------ Data section ------

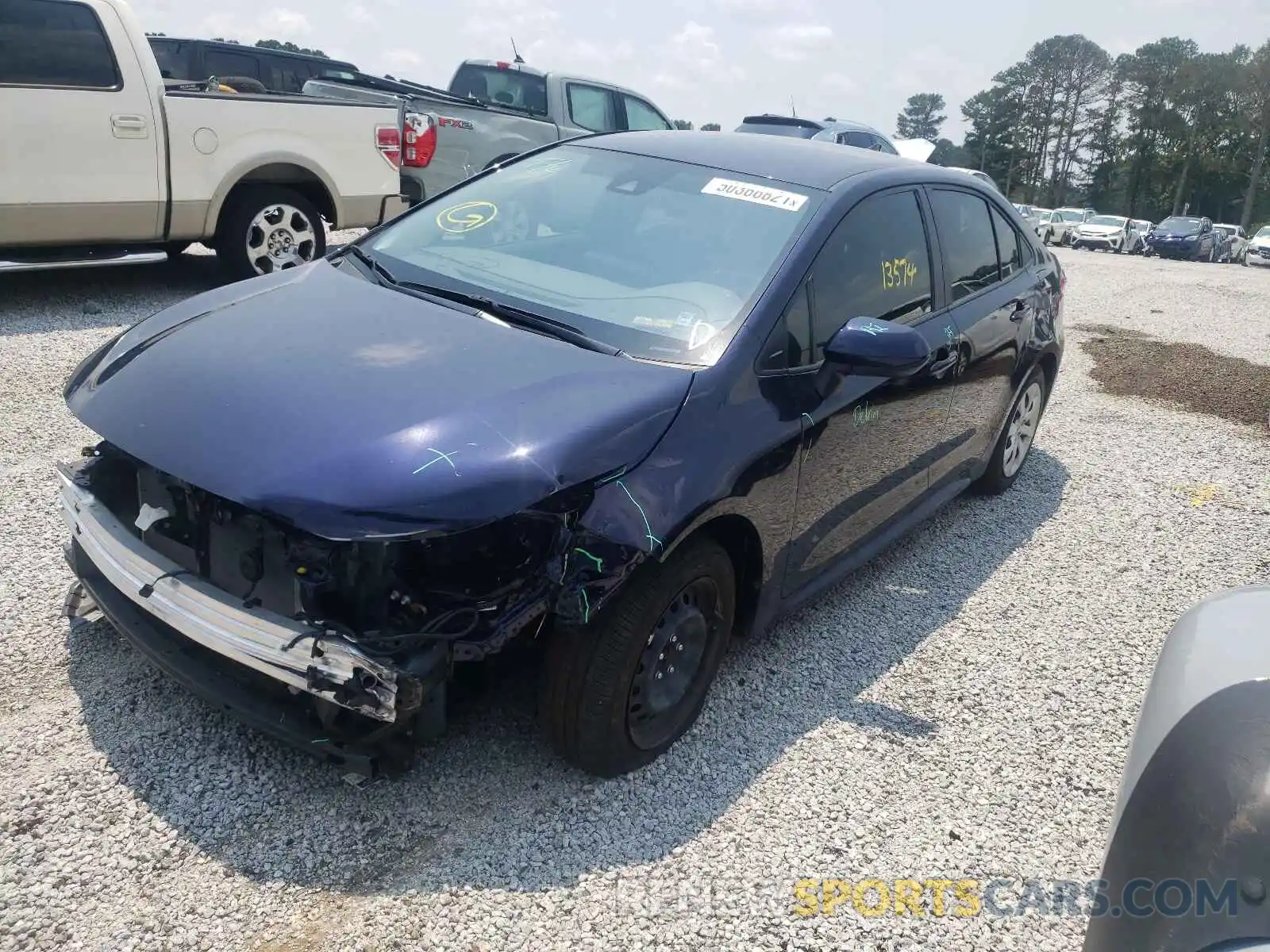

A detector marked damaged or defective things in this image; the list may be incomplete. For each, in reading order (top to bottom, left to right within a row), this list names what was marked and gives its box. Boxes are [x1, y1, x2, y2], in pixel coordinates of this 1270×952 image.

bent hood [889, 139, 940, 163]
cracked bumper cover [56, 463, 397, 720]
crumpled front bumper [56, 463, 397, 720]
crushed front end [60, 441, 635, 777]
bent hood [63, 260, 689, 539]
damaged blue sedan [60, 130, 1060, 777]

------

_Assigned task:_ Reproduce each entry exactly, without the pictures.

_Result:_
A detector marked damaged or defective things in this image; the list may be incomplete. For each, in reading order (top to bottom, left to right within a row), this list names what was marked and gives its box. Boxes are [x1, y1, x2, y2], in pixel coordinates of this 1270×952 image.

bent hood [889, 139, 940, 163]
cracked bumper cover [56, 463, 397, 720]
crumpled front bumper [56, 463, 397, 720]
crushed front end [60, 441, 635, 777]
bent hood [63, 260, 689, 539]
damaged blue sedan [60, 130, 1060, 777]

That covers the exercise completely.